Teachers Need Ways to Advance Without Leaving the Classroom
In this video, Dr. Justin Baeder argues that the education profession loses its best teachers because the only path to advancement requires leaving the classroom.
Key Takeaways
- Advancement shouldn't require leaving - The best teachers are promoted out of the classroom, which is backwards
- Create teacher-leadership roles - Mentor teacher, curriculum lead, and instructional coach positions can keep great teachers teaching
- Retain expertise where it matters - Students benefit most when excellent teachers stay in classrooms, not when they become administrators
Transcript
Teachers need opportunities for advancement that don't take them out of the classroom.
Because if you want to advance as a classroom teacher, pretty much your only option is to do something that's outside of the classroom.
And often when good teachers become administrators, it's not good.
It's not what they wanted.
The Peter Principle says that often people are promoted to their level of incompetence.
So sometimes people become bad administrators.
when there was nowhere else to go but into administration, when what they really wanted and what they were good at was teaching.
You know, they really wanted to stay in the classroom, but it's too flat a job.
I think this is a structural issue that we have to fix as a profession so that you can continue to grow, continue to advance as a teacher without doing something else.
And that's how it is in the software world, because they recognize the problem with the Peter Principle, where they would turn people into managers and then they wouldn't be good managers.
They wouldn't like it.
They wanted to be individual contributors.
And in the software world, That would mean, you know, they want to be software developers.
So they developed levels that you could move through to become like a senior engineer.
And we don't have anything like that in teaching.
And I think that's a mistake.
I think we need to develop something like that.
The other thing that tends to happen is people become coaches.
They become instructional coaches.
And if you turn all of your best teachers into instructional coaches, A, some of them, as this book suggests, are not going to be good instructional coaches.

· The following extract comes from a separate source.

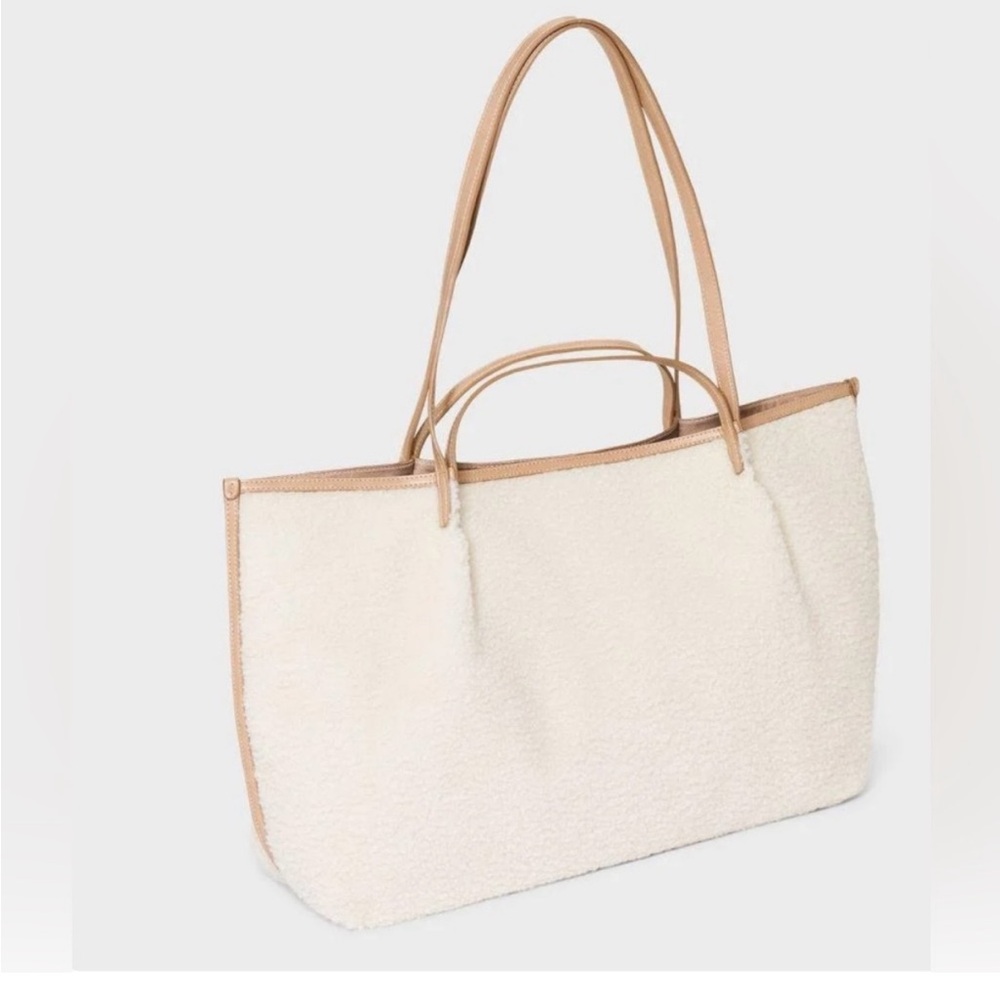 NEW Universal Thread Faux Sherpa Cream / Tan Large Tote Bag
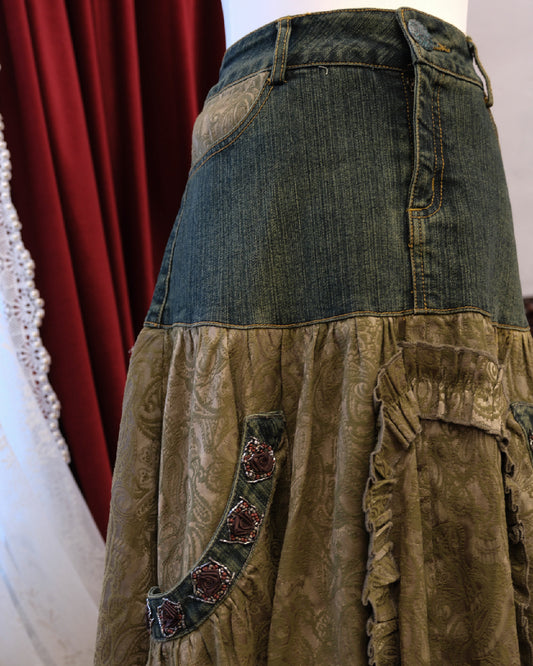 Denim Patchwork Skirt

And B, you're losing your best teachers.
And then C, you're spending a lot of money that you weren't spending before on coaching.
And I think that money is not always well used.
So I think our best teachers need to have opportunity for advancement in teaching.
They need to continue to be teachers.
They need to stay in the classroom and yet advance in rank, advance in salary in ways other than just seniority.
Let me know what you think.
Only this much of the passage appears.